🤖 AI Summary
Standard Transformers exhibit inherent limitations in multi-step reasoning, relational argumentation, and long-context integration. To address these challenges, this paper proposes LM2, a Large Memory Model that introduces a lightweight, non-intrusive, interactive auxiliary memory module within a decoder-only architecture. The module supports test-time adaptive memory updates and explicit memory modeling—without altering the base model’s structure or disrupting standard pretraining pipelines.
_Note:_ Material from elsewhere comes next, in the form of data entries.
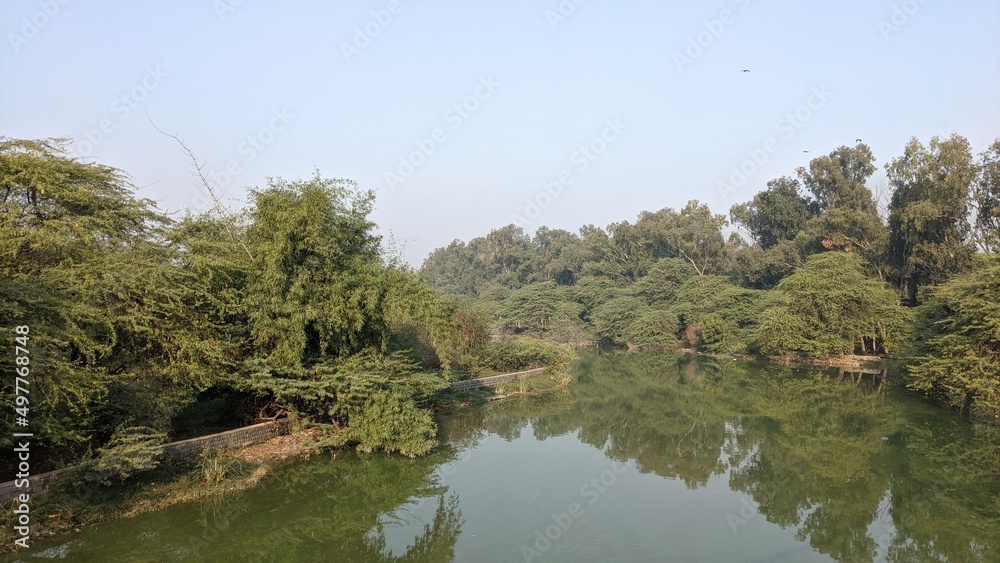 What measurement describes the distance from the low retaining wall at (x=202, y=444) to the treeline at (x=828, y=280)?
4677 mm

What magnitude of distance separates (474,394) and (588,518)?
934cm

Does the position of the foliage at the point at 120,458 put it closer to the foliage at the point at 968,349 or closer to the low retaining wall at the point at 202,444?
the low retaining wall at the point at 202,444

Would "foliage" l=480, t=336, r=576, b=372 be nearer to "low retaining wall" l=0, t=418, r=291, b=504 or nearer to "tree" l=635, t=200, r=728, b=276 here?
"low retaining wall" l=0, t=418, r=291, b=504

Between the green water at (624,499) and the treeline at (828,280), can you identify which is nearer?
the green water at (624,499)

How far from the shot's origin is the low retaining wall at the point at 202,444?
6973mm

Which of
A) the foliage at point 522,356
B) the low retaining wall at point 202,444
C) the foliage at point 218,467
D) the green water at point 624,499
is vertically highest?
the foliage at point 522,356

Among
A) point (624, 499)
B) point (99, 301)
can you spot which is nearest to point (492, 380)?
point (624, 499)

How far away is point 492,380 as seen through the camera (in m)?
19.5

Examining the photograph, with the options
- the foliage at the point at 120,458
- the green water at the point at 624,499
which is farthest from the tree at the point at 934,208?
the foliage at the point at 120,458

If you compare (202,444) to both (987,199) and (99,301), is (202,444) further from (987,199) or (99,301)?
(987,199)

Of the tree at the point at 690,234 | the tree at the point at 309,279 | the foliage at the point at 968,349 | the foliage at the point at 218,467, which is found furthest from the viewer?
the tree at the point at 690,234

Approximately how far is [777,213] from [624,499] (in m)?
34.3

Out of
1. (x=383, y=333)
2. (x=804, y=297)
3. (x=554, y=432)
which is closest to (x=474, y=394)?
(x=554, y=432)

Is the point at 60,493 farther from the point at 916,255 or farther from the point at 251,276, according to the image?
the point at 916,255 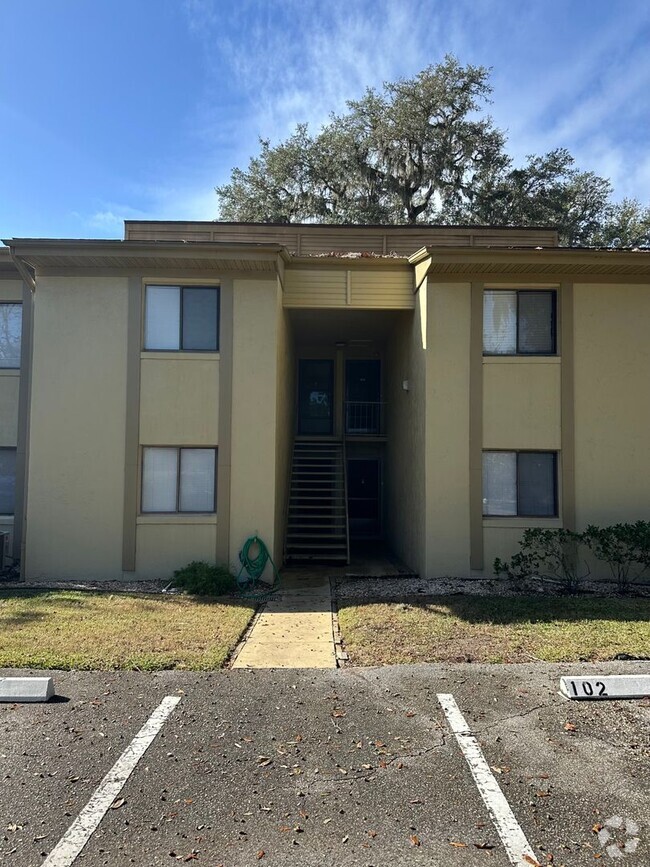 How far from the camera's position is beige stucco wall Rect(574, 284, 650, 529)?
955 centimetres

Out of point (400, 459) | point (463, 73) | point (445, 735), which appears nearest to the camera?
point (445, 735)

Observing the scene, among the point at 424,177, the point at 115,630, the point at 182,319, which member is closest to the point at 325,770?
the point at 115,630

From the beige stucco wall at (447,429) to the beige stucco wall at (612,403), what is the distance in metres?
Answer: 1.88

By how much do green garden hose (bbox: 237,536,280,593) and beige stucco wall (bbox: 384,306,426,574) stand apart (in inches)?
103

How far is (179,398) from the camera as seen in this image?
968 cm

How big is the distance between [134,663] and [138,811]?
7.96 feet

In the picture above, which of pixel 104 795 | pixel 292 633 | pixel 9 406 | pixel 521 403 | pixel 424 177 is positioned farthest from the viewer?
pixel 424 177

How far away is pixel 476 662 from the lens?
18.5 ft

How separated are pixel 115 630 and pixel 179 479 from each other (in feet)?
11.1

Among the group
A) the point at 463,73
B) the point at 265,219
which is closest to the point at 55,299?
the point at 265,219

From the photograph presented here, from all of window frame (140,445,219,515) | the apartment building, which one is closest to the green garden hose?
the apartment building

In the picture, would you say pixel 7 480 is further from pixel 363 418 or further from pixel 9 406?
pixel 363 418

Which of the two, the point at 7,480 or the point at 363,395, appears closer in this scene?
the point at 7,480

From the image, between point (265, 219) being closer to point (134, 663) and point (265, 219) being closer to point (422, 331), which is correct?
point (422, 331) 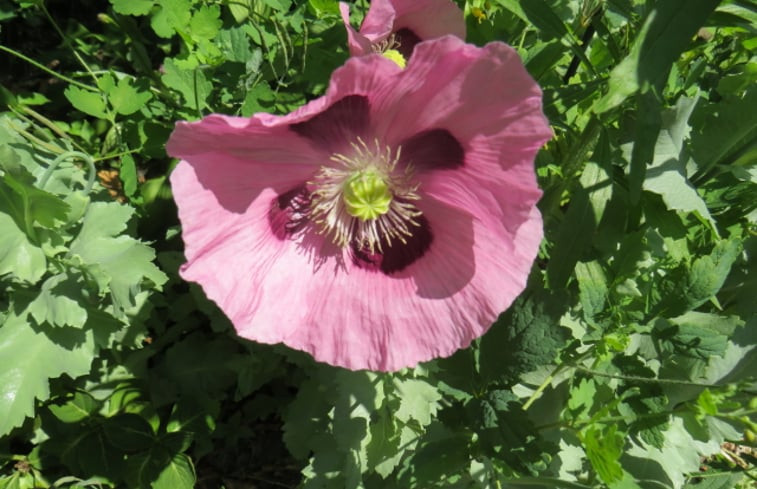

It integrates cross-attention mechanisms, gated memory updates, and a context representation warehouse, ensuring interpretability and broad applicability. Experiments demonstrate that LM2 achieves substantial gains: +37.1% average accuracy over RMT and +86.3% over Llama-3.2 on BABILong; +5.0% on MMLU; and state-of-the-art performance on multi-hop reasoning, numerical reasoning, and hundred-thousand-token-context question answering tasks.
📝 Abstract
This paper introduces the Large Memory Model (LM2), a decoder-only Transformer architecture enhanced with an auxiliary memory module that aims to address the limitations of standard Transformers in multi-step reasoning, relational argumentation, and synthesizing information distributed over long contexts. The proposed LM2 incorporates a memory module that acts as a contextual representation repository, interacting with input tokens via cross attention and updating through gating mechanisms. To preserve the Transformers general-purpose capabilities, LM2 maintains the original information flow while integrating a complementary memory pathway. Experimental results on the BABILong benchmark demonstrate that the LM2model outperforms both the memory-augmented RMT model by 37.1% and the baseline Llama-3.2 model by 86.3% on average across tasks. LM2 exhibits exceptional capabilities in multi-hop inference, numerical reasoning, and large-context question-answering. On the MMLU dataset, it achieves a 5.0% improvement over a pre-trained vanilla model, demonstrating that its memory module does not degrade performance on general tasks. Further, in our analysis, we explore the memory interpretability, effectiveness of memory modules, and test-time behavior. Our findings emphasize the importance of explicit memory in enhancing Transformer architectures.